RECORDS PROVIDED:

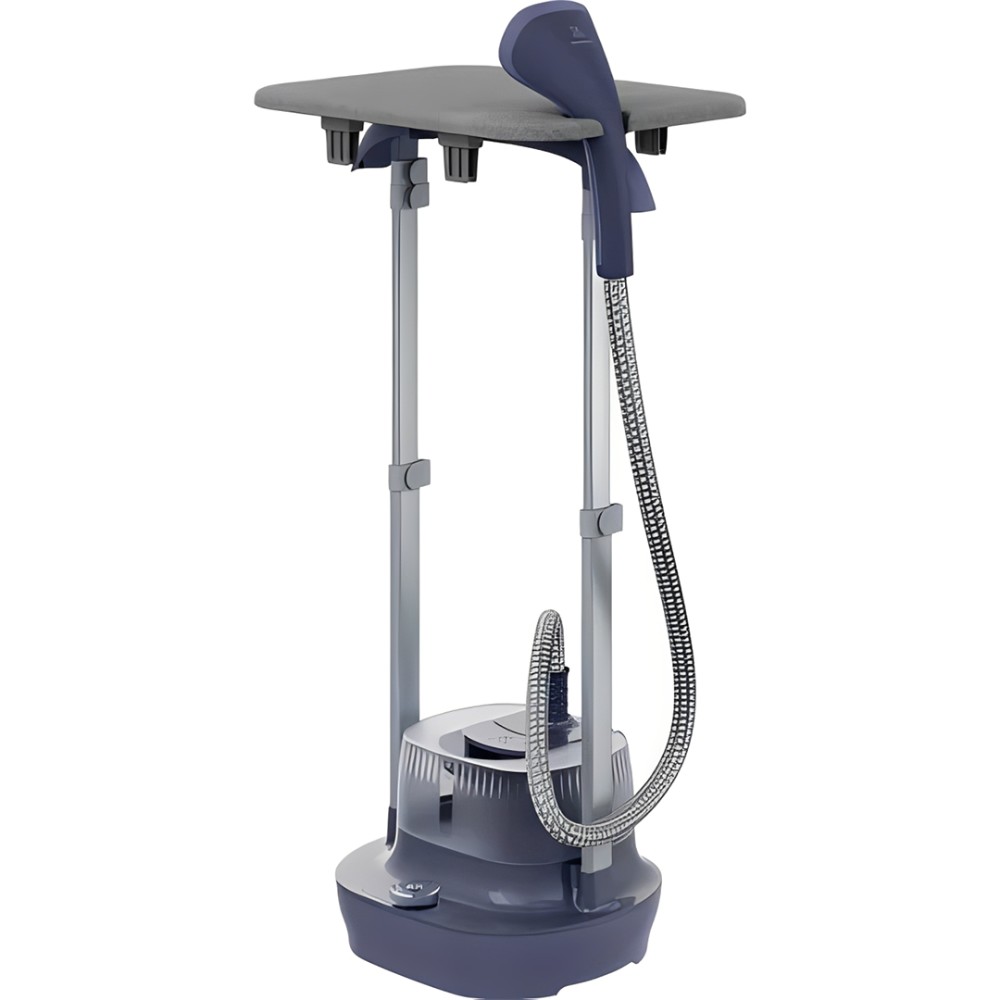 Vaporizador De Ropas Electrolux Expert EGS20 110V-1800W Azul Marino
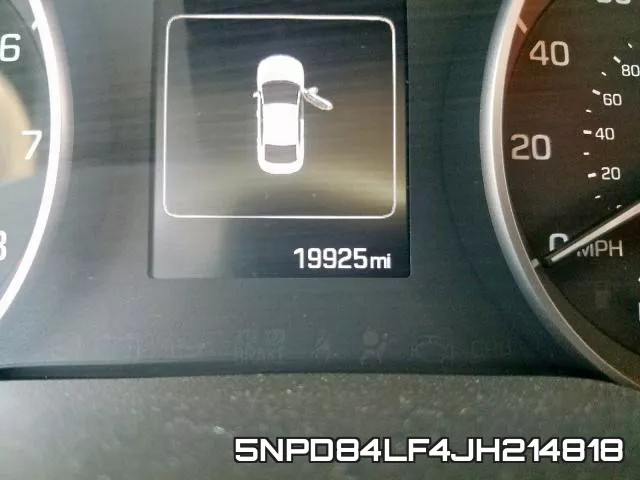 5NPD84LF4JH214818 фото 9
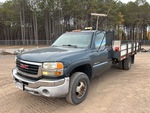 General Appearance with Featured Photo
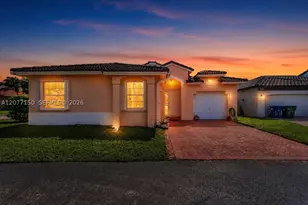 8021 SW 158th, Miami, FL 33193 - Photo 2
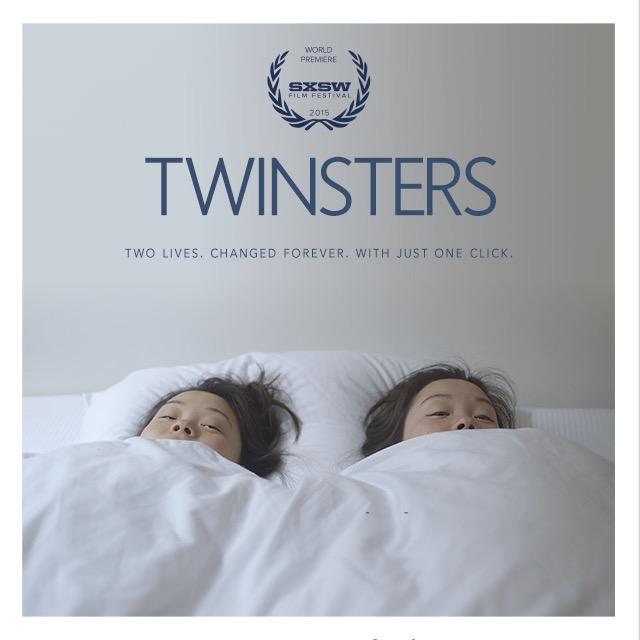 the official twitter for the #twinsters documentary.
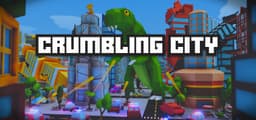 Crumbling City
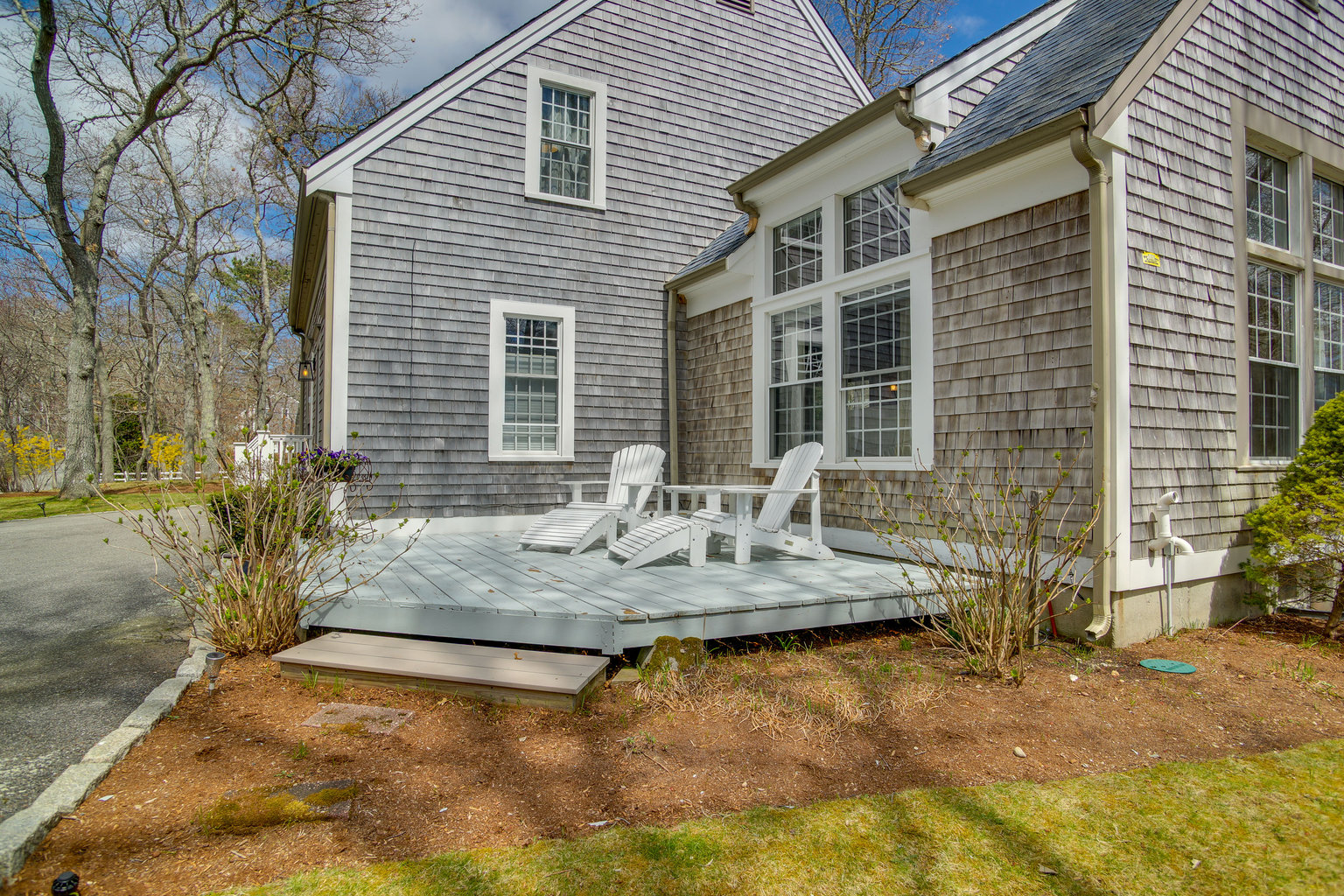 Mashpee Vacation Rental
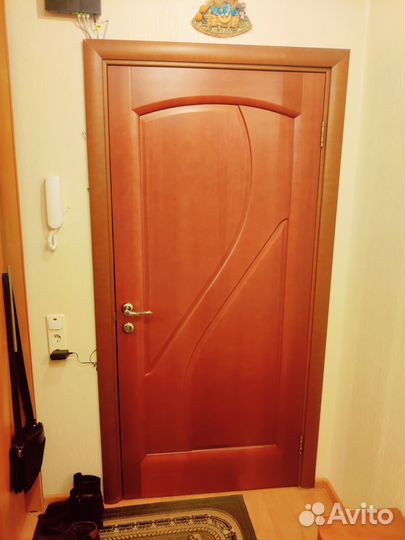 Межкомнатные двери бу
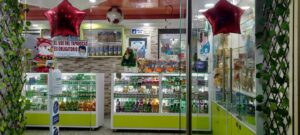 tienda naturista cerca de mi a domicilio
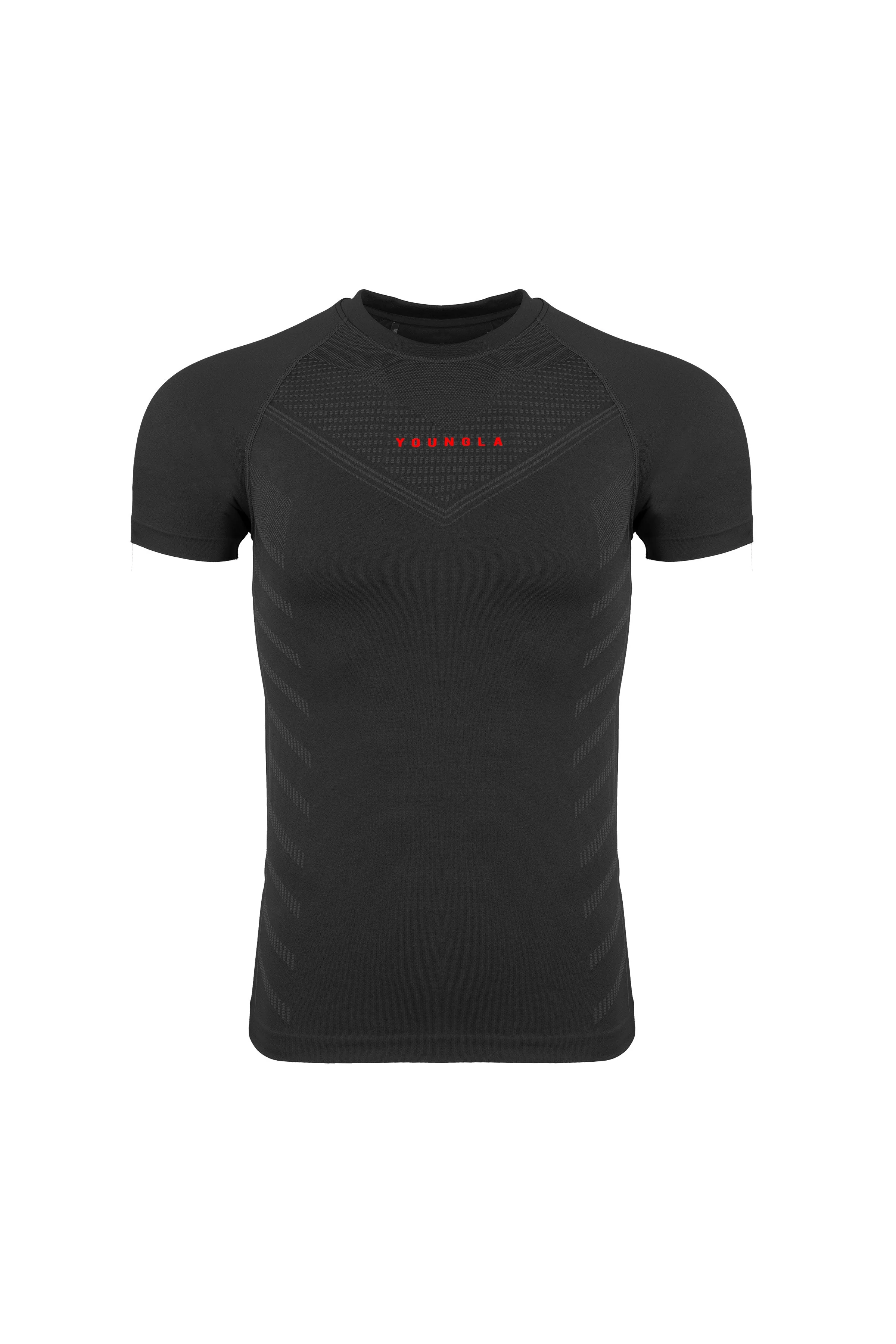 465 Superhero Compression Tees - May 19th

WHAT THIS TASK INVOLVES:
Reproduce the lines from the line with "the official twitter" through the last line of the entries exactly, including both ends and excluding pictures.

EXERCISE RESULT:
 the official twitter for the #twinsters documentary.
 Crumbling City
 Mashpee Vacation Rental
 Межкомнатные двери бу
 tienda naturista cerca de mi a domicilio
 465 Superhero Compression Tees - May 19th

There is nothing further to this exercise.